Your reply should consist solely of the number of lines in the data that contain "Gray".

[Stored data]
———

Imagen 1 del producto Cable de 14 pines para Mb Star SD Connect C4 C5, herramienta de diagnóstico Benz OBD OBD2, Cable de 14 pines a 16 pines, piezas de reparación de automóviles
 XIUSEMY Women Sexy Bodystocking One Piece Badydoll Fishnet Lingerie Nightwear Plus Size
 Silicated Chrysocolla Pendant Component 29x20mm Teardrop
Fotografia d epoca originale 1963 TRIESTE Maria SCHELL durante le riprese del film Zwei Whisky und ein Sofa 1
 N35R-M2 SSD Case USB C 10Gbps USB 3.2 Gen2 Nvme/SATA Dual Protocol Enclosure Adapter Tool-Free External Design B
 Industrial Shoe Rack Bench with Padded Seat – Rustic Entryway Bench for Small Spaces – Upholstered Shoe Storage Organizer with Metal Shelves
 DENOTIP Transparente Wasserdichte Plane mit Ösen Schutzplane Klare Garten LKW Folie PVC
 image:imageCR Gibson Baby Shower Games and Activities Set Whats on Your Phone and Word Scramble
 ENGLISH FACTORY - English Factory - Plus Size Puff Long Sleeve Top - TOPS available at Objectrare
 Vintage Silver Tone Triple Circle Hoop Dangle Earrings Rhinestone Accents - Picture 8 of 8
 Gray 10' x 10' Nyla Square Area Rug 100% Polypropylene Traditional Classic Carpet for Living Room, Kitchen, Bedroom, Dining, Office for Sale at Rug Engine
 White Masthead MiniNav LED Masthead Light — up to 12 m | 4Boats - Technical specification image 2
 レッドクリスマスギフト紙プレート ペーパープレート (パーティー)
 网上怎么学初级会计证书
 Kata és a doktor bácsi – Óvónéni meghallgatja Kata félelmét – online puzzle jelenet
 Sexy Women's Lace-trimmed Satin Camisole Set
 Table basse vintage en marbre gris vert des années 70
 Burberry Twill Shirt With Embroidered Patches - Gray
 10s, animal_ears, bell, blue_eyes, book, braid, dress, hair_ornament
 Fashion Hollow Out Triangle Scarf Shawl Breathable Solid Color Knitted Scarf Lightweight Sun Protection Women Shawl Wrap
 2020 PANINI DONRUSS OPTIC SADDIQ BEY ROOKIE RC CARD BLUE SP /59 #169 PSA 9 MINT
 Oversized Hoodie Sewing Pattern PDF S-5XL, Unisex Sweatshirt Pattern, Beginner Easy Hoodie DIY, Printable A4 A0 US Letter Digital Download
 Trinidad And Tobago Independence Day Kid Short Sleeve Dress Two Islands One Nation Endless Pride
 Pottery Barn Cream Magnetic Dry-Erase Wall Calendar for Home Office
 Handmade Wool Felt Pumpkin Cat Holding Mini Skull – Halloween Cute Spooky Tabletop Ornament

———

RESPONSE: 2